__Activity__: In the records that follow, find each line with the word "soft" and copy it.

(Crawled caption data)
*-*-*

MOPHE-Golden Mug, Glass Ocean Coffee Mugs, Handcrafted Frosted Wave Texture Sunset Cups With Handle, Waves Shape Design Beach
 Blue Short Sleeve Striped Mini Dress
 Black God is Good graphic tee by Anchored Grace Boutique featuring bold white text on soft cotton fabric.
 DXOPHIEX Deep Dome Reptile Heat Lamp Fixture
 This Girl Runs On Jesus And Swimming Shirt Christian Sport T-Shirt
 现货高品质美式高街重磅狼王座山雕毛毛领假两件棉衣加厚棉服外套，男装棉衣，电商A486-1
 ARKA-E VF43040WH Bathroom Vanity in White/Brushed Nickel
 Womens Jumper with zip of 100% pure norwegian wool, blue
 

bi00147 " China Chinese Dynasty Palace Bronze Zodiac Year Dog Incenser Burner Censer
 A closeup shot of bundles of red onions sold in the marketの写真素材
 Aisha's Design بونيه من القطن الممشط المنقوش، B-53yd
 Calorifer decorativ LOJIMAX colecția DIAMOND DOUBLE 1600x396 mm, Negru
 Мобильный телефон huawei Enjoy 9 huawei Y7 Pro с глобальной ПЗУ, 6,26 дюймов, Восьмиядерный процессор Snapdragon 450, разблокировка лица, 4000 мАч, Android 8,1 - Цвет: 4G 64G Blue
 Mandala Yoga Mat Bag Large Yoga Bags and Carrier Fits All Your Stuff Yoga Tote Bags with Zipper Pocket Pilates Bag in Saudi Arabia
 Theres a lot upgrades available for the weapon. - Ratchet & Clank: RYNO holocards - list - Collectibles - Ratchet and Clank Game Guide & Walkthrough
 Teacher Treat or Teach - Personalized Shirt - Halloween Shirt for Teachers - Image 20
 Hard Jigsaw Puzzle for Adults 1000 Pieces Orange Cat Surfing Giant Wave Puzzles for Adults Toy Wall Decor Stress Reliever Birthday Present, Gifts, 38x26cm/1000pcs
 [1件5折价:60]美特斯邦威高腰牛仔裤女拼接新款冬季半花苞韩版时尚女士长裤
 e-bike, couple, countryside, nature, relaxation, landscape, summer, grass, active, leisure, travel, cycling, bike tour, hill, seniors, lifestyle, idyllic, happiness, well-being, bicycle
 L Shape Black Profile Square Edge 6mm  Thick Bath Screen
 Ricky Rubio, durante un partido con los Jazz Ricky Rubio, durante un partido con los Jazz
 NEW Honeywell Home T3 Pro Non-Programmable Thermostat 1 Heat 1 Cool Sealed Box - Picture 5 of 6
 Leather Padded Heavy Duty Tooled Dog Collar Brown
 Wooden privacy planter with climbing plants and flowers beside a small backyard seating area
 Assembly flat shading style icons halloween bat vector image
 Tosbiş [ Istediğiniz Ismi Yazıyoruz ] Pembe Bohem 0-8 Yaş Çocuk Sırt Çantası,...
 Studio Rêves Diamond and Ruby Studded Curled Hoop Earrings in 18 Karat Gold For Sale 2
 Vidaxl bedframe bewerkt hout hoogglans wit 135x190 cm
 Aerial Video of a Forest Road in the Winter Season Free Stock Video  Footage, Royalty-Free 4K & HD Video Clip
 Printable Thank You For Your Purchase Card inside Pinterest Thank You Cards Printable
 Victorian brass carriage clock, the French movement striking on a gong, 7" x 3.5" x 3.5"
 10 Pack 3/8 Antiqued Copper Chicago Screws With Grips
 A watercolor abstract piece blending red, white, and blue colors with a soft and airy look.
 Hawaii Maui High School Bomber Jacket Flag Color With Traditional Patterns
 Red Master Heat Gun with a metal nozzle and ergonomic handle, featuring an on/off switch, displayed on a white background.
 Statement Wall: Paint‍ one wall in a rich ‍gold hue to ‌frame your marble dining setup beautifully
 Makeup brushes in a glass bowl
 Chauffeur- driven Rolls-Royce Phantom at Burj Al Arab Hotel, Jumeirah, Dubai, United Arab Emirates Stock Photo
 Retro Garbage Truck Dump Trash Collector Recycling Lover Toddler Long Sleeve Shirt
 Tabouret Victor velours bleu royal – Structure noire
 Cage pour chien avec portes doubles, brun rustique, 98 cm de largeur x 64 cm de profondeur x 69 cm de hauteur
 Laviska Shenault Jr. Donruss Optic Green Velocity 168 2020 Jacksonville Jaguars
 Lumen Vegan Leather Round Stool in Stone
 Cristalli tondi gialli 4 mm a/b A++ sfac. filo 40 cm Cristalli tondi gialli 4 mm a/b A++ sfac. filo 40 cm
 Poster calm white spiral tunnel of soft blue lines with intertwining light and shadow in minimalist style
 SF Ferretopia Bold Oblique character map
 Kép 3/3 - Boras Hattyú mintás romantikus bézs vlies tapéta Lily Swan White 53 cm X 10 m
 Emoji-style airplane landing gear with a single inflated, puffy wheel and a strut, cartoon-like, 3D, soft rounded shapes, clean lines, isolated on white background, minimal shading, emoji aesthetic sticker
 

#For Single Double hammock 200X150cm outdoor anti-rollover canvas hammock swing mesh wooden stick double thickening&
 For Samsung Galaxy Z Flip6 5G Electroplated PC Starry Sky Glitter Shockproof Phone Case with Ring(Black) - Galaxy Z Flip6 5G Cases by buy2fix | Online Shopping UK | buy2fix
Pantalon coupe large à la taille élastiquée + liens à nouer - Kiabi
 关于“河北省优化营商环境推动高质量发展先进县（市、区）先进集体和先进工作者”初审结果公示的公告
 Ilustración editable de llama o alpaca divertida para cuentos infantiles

*-*-*

__Your response__:
 Black God is Good graphic tee by Anchored Grace Boutique featuring bold white text on soft cotton fabric.
 A watercolor abstract piece blending red, white, and blue colors with a soft and airy look.
 Poster calm white spiral tunnel of soft blue lines with intertwining light and shadow in minimalist style
 Emoji-style airplane landing gear with a single inflated, puffy wheel and a strut, cartoon-like, 3D, soft rounded shapes, clean lines, isolated on white background, minimal shading, emoji aesthetic sticker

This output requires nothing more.